Ce n’est cependant qu’en 1998 qu’a lieu le premier tête-à-tête entre les deux hommes. Ouattara, alors directeur adjoint du FMI, avait invité Bacongo à son domicile de Blockhauss, à Abidjan, et voulait s’entretenir au sujet d’un article de ce dernier sur les pays pauvres très endettés (PPTE). Leur échange durera plus d’une heure et marquera le début d’une relation à la fois politique et fraternelle, aux dires de Bacongo.
8. Certificat de nationalité
En 2002, c’est Bacongo qui a été chargé de se rendre à Dimbokro, dans le centre du pays, pour obtenir le précieux certificat prouvant la nationalité ivoirienne du futur président. Au fil des années, Bacongo est devenu un poids lourd du RDR, puis du RHDP et un membre de l’entourage du président. Il a occupé plusieurs portefeuilles ministériels, dont celui de l’Enseignement supérieur et de la Recherche scientifique, de 2005 à 2014.
Cité dans un scandale de détournement de fonds destinés à la rénovation d’universités et devenu la cible de manifestations d’étudiants, Bacongo a toujours clamé son innocence dans cette affaire. Il a ensuite été ministre de la Fonction publique de 2014 à 2016, avant de se voir confier un dossier très sensible par le président : la réforme constitutionnelle.
9. Architecte de la Constitution
En février 2016, Ouattara nomme Bacongo conseiller spécial en charge des affaires juridiques. Ce dernier est alors l’un des principaux architectes du projet de Constitution. Celle-ci avait été adoptée malgré un appel au boycott de l’opposition, faisant entrer le pays dans la IIIe République. Parmi les principaux changements apportés par le projet de nouvelle Constitution, l’évacuation du concept d’« ivoirité », la création d’un poste de vice-président et d’un Sénat, l’institutionnalisation de la Chambre des rois et des chefs traditionnels, ainsi que l’extension du domaine de compétence du Conseil économique et social à l’environnement.
Si, comme certains cadres de son parti, Bacongo avait affirmé que cette nouvelle Constitution ne permettait pas au président de briguer un troisième mandat, il est ensuite revenu sur ses propos dans un long texte publié sur Facebook en 2020, pour expliquer qu’il ne s’agissait « ni plus, ni moins que d’un avis susceptible d’avis contraires ».
10. Maire de Koumassi
Depuis son élection en tant que maire de l’une des communes les plus peuplées d’Abidjan en 2018, puis, en mars 2021, de député de la circonscription de Koumassi, Bacongo travaille à atteindre l’objectif annoncé dans son slogan de campagne : « Koumassi autrement, c’est possible ».

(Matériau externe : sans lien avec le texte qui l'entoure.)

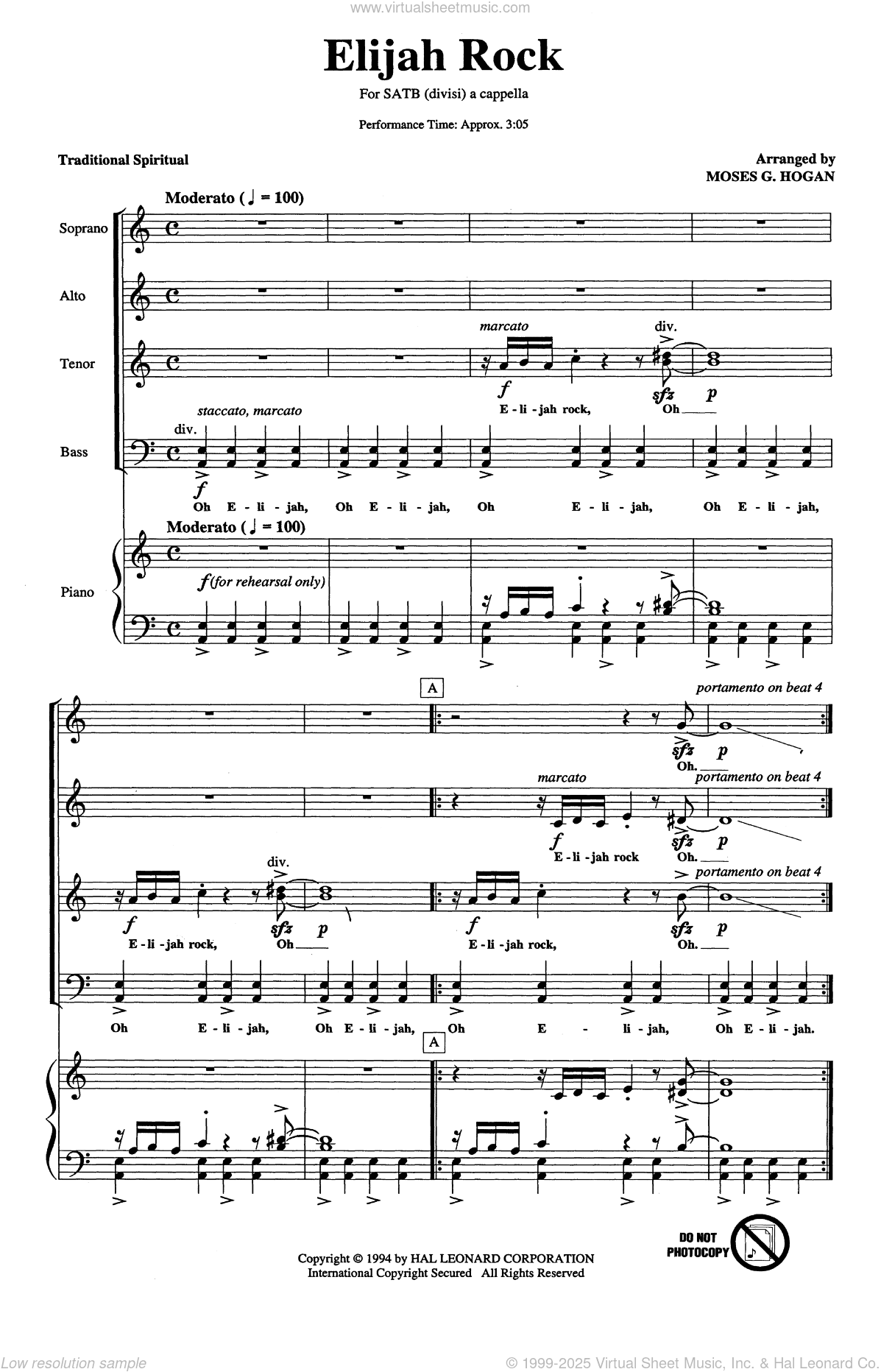 Elijah Rock (arr. Moses Hogan)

En plus de changer l’image de la commune, le maire espère y développer des pôles d’activités en regroupant les professionnels dans des lieux dédiés. Il a multiplié les opérations controversées de déguerpissement de commerces installés sur la voie publique et dégagé les artères principales de la ville. Il a également fait de l’assainissement et de la sécurité ses priorités.